SELECT 1 as line, '浜松太郎' as name, 'hamamatsu@example.com' as email; -- line,name,email -- 1,浜松太郎,hamamatsu@example.com
SELECT 中に直に値を埋め込み as で列としての名前を与えます。これで出来上がったテーブルは JOIN やサブクエリなどで普通のテーブルと同様に扱えます。
SELECT 中に直に埋め込む都合上、この方法では一行しか表せません。そのためこの方法の延長線上で複数行を表現するとなると次の様にする必要があります。
SELECT 1 as line, '浜松太郎' as name, 'hamamatsu@example.com' as email UNION ALL SELECT 2, '静岡太郎', 'shizuoka@example.com' UNION ALL SELECT 3, '愛知太郎', 'aichi@example.com' UNION ALL SELECT 4, '山梨太郎', 'yamanashi@example.com' ; -- line,name,email -- 1,浜松太郎,hamamatsu@example.com -- 2,静岡太郎,shizuoka@example.com -- 3,愛知太郎,aichi@example.com -- 4,山梨太郎,yamanashi@example.com
SELECT と UNION が連続するのが冗長な感じがします。この SQL 文地味に辛いのが EXPLAIN で SQL 文について読み取るときです。
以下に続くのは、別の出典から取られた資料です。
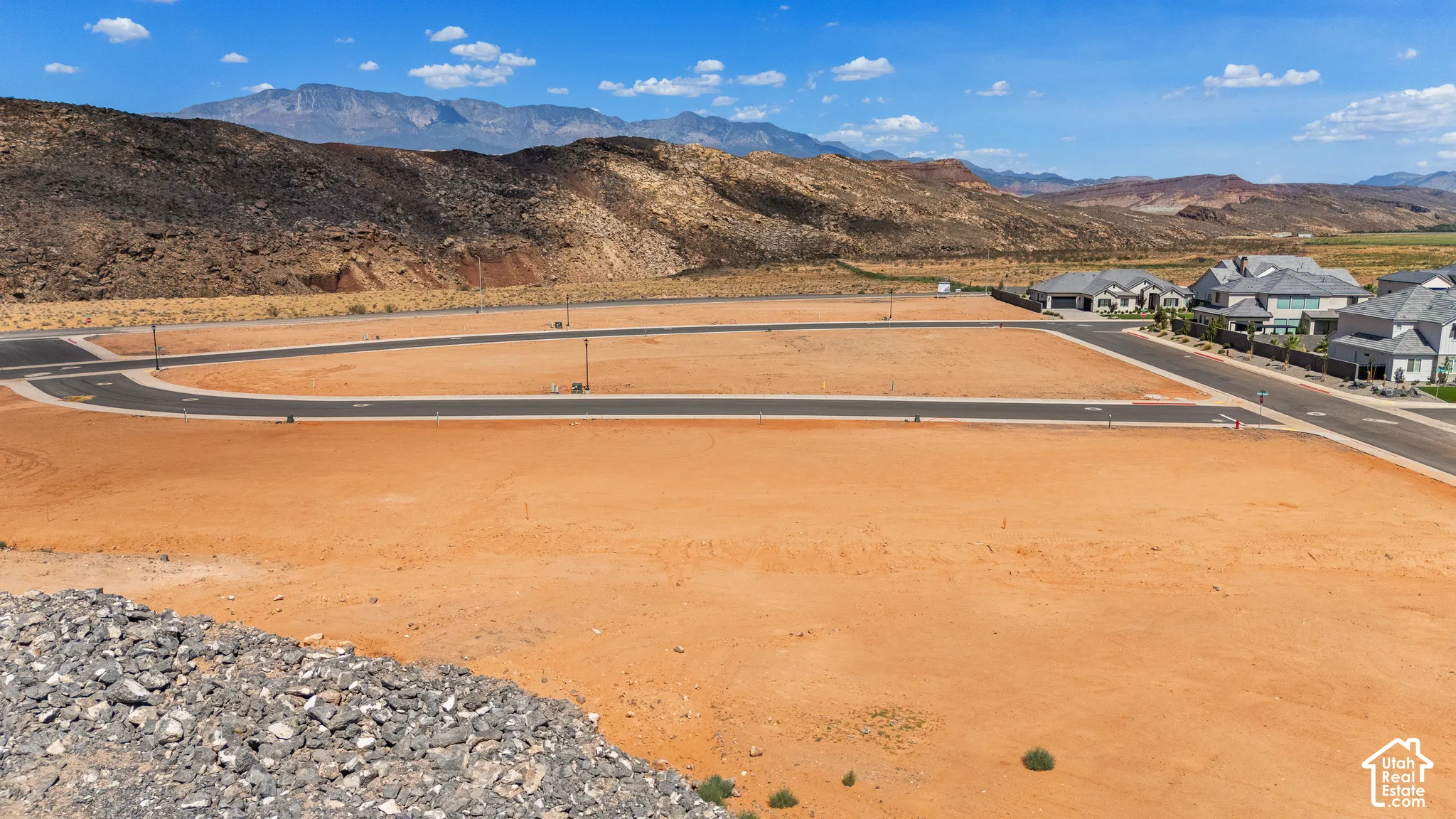Expansive undeveloped land parcels with paved road access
上記を EXPLAIN にかけると次の様な結果が出ます。
MySQL :: MySQL 8.0 リファレンスマニュアル :: 13.8.2 EXPLAIN ステートメント
id,select_type,table,partitions,type,possible_keys,key,key_len,ref,rows,filtered,Extra 1,PRIMARY,,,,,,,,,,No tables used 2,UNION,,,,,,,,,,No tables used 3,UNION,,,,,,,,,,No tables used 4,UNION,,,,,,,,,,No tables used
UNIONする度にノイズ的な説明レコードが増えます。
SELECT と UNION で複数のレコードを持つテーブルを作る方法とその問題点を紹介しました。これを改善するテーブルの作り方として次があります。
SELECT * FROM ( VALUES ROW( 1, '浜松太郎', 'hamamatsu@example.com'), ROW( 2, '静岡太郎', 'shizuoka@example.com'), ROW( 3, '愛知太郎', 'aichi@example.com'), ROW( 4, '山梨太郎', 'yamanashi@example.com') ) users(line, name, email); -- line,name,email -- 1,浜松太郎,hamamatsu@example.com -- 2,静岡太郎,shizuoka@example.com -- 3,愛知太郎,aichi@example.com -- 4,山梨太郎,yamanashi@example.com
MySQL の VALUES はテーブルはテーブルのコンストラクタとも使えるため上記の様にして、複数行を持つテーブルをその場で作れます。
MySQL :: MySQL 8.0 リファレンスマニュアル :: 13.2.14 VALUES ステートメント
また、こちらは式であるために EXPLAIN の結果が増えません。結果は次です。
id,select_type,table,partitions,type,possible_keys,key,key_len,ref,rows,filtered,Extra 1,PRIMARY,,,ALL,,,,,4,100, 2,DERIVED,,,,,,,,,,No tables used
上記の様に VALUES を使うと比較的わかりやすく短い SQL 文で複数行を持つテーブルを作れます。MySQL の持つ計算機能を用いて複数の値の組み合わせについてなんやかんやしたい時にこの方法を覚えておくと役に立つ時があります。